TO DO: In the data below, find every line with the string "Black" and pull it out.

RECORDED INFORMATION:
↓↓↓
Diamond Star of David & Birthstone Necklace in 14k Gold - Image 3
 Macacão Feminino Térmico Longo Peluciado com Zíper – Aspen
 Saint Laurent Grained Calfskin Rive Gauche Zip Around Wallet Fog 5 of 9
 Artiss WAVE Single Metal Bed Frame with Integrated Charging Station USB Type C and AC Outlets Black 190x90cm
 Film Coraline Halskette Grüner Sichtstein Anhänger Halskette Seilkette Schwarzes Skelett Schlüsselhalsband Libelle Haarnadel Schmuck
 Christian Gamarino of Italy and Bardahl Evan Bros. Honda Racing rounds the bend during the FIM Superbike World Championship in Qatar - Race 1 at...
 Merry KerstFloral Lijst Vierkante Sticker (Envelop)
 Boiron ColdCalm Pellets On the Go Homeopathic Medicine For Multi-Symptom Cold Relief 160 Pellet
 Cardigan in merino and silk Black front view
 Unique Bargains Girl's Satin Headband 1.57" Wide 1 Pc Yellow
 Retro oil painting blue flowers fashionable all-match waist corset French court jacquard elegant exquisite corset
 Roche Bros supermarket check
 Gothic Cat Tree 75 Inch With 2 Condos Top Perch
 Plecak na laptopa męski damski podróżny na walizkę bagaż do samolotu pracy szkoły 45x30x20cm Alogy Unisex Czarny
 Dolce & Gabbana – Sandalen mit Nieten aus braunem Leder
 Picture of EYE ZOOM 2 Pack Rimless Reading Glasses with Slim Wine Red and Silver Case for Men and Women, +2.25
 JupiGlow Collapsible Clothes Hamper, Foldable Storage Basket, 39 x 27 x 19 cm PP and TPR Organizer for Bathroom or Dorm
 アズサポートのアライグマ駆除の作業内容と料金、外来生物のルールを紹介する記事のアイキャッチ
↑↑↑
SOLUTION:
 Artiss WAVE Single Metal Bed Frame with Integrated Charging Station USB Type C and AC Outlets Black 190x90cm
 Cardigan in merino and silk Black front view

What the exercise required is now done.